Online inference and enforcement of temporal properties

The interfaces of software components are often paired with specifications or protocols that prescribe correct and safe usage. An important class of these specifications consists of temporal safety properties over function or method call sequences. Because violations of these properties can lead to program crashes or subtly inconsistent program state, these properties are frequently the target of runtime monitoring techniques. However, the properties must be specified in advance, a time-consuming process. Recognizing this problem, researchers have proposed various specification inference techniques, but they suffer from imprecision and require a significant investment in developer time. This work presents the first fully automatic dynamic technique for simultaneously learning and enforcing general temporal properties over method call sequences. Our technique is an online algorithm that operates over a short, finite execution history. This limited view works well in practice due to the inherent temporal locality in sequential method calls on Java objects, a property we validate empirically. We have implemented our algorithm in a practical tool for Java, Ocd, that operates with a high degree of precision and finds new defects and code smells in well-tested applications.

Symbolic mining of temporal specifications

Program specifications are important in many phases of the software development process, but they are often omitted or incomplete. An important class of specifications takes the form of temporal properties that prescribe proper usage of components of a software system. Recent work has focused on the automated inference of temporal specifications from the static or runtime behavior of programs. Many techniques match a specification pattern (represented by a finite state automaton) to all possible combinations of program components and enumerate the possible matches. Such approaches suffer from high space complexity and have not scaled beyond simple, two-letter alternating patterns (e.g. (ab)*). In this paper, we precisely define this form of specification mining and show that its general form is NP-complete. We observe a great deal of regularity in the representation and tracking of all possible combinations of system components. This motivates us to introduce a symbolic algorithm, based on binary decision diagrams (BDDs), that exploits this regularity. Our results show that this symbolic approach expands the tractability of this problem by orders of magnitude in both time and space. It enables us to mine more complex specifications, such as the common three-letter resource acquisition, usage, and release pattern ((ab+c)*). We have implemented our algorithm in a practical tool and used it to find significant specifications in real systems, including Apache Ant and Hibernate. We then used these specifications to find previously unknown bugs.

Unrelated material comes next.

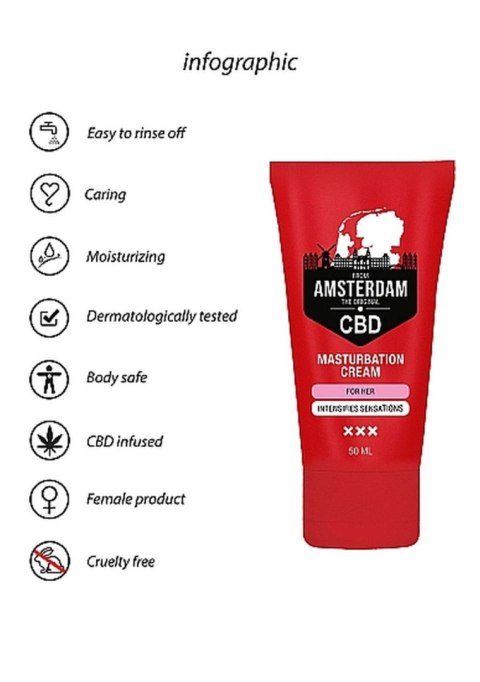 Original CBD from Amsterdam - Masturbation Cream For Her - 50 m Original CBD from Amsterdam - Masturbation Cream For Her - 50 m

Scalable and systematic detection of buggy inconsistencies in source code

Software developers often duplicate source code to replicate functionality. This practice can hinder the maintenance of a software project: bugs may arise when two identical code segments are edited inconsistently. This paper presents DejaVu, a highly scalable system for detecting these general syntactic inconsistency bugs. DejaVu operates in two phases. Given a target code base, a parallel /inconsistent clone analysis/ first enumerates all groups of source code fragments that are similar but not identical. Next, an extensible /buggy change analysis/ framework refines these results, separating each group of inconsistent fragments into a fine-grained set of inconsistent changes and classifying each as benign or buggy. On a 75+ million line pre-production commercial code base, DejaVu executed in under five hours and produced a report of over 8,000 potential bugs. Our analysis of a sizable random sample suggests with high likelihood that at this report contains at least 2,000 true bugs and 1,000 code smells. These bugs draw from a diverse class of software defects and are often simple to correct: syntactic inconsistencies both indicate problems and suggest solutions.